Treasury Secretary Yellen Says First Time Smoking Marijuana Was ‘OK’ And She’d Recommend ‘Delicious’ Psychedelic Mushrooms She Ate
- Treasury Secretary Janet Yellen shared personal stories about trying marijuana and unintentionally eating psychedelic mushrooms
- She found the psychedelic mushrooms delicious and recommended them, but didn't experience any effects due to them being cooked properly
- Yellen also talked about smoking marijuana in college, explaining her unique method of learning how to inhale smoke
- As treasury secretary, Yellen has advocated for federal reforms regarding marijuana, highlighting the challenges faced by banks due to federal prohibition
As Treasury Secretary Janet Yellen prepares to leave office, she has a couple of personal observations to share: Her experience smoking marijuana for the first time was “OK,” and the psychedelic mushrooms she inadvertently ate in China amid “high-stakes meetings” representing the Biden administration were “delicious.” In fact, she’d recommend them.
Yellen, whose tenure at the Biden administration will come to a close after President-elect Donald Trump is inaugurated, hasn’t shied away from questions about her own substance experimentation—whether consumed deliberately in her youth or unknowingly as one of the nation’s top federal economic officials.
During an interview on the Late Show With Stephen Colbert that aired on Wednesday, she was reminded of the headlines she made after her trip to Beijing as treasury secretary, when she went to a restaurant and consumed “very delicious” mushrooms, only to later learn that the fungi produces hallucinogenic effects if improperly cooked. In her case, she said it was a “great restaurant” and the mushrooms were “cooked properly,” averting a potential psychedelic trip.

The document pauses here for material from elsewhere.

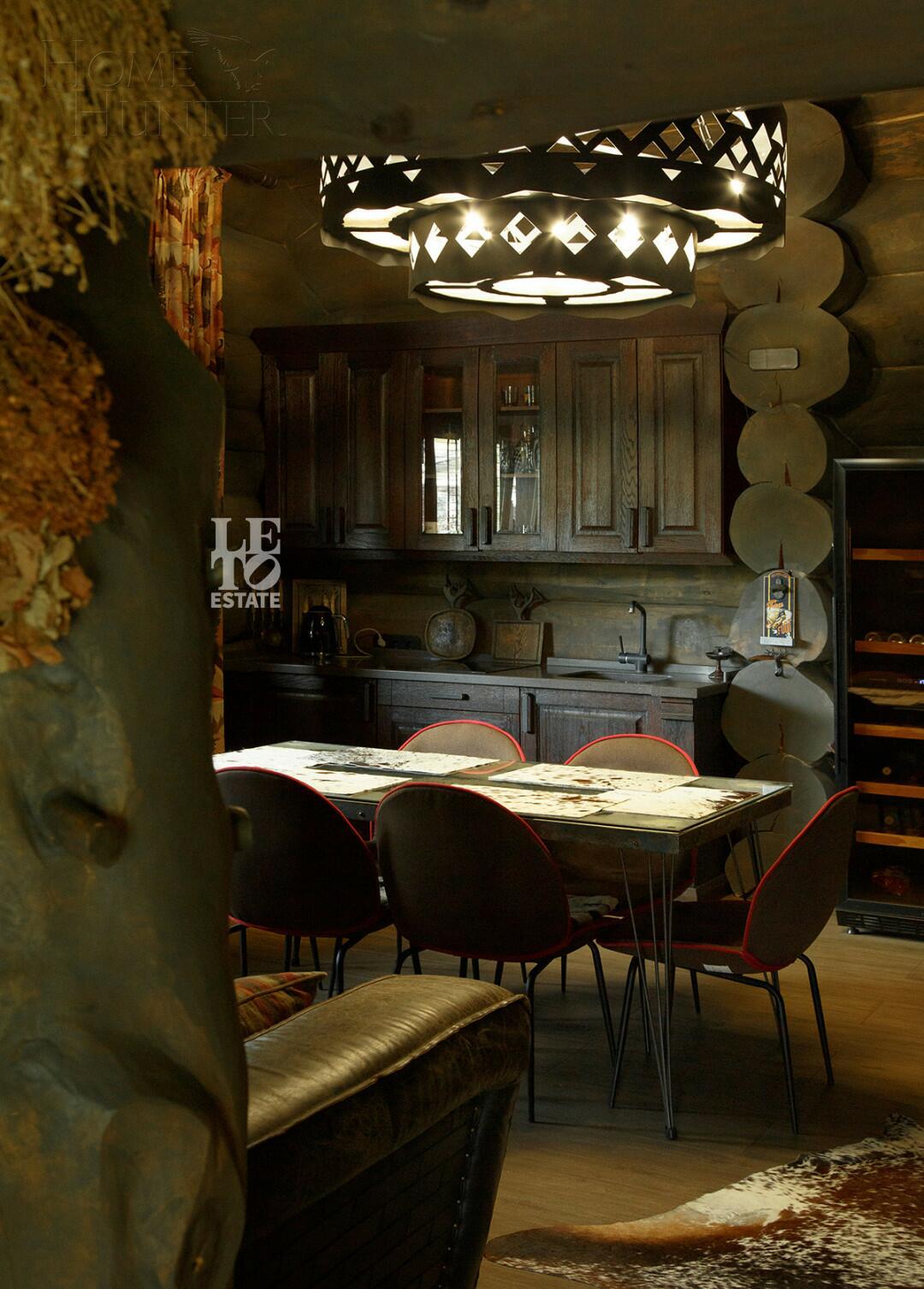 2-этажный коттедж 495 м² с отделкой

The mushroom dish, which has seen a surge in popularity since her dining experience was first reported, was made of the psychoactive Lanmaoa asiatica, a species of fungi native to Asia.
Chinese media quickly picked up on the culinary adventure, and when word got back to the U.S., Yellen indulged follow-ups, including from Colbert who started the segment by saying he is legally obligated to ask if she was “high right now” and whether she was hallucinating him with a “wolf head and a spider body.”
“Well, I asked for some hallucinogenic mushrooms before coming on, but I haven’t had them so you’re safe,” Yellen quipped back.
“We had no idea that there was anything about these mushrooms until we realized this had become a media frenzy,” she said of the dining experience in China. “They were delicious, and I recommend it.”
Colbert then asked whether the Biden official had ever smoked marijuana, to which she said, “I think the answer is yes… I did have an opportunity to smoke pot when I was in college.”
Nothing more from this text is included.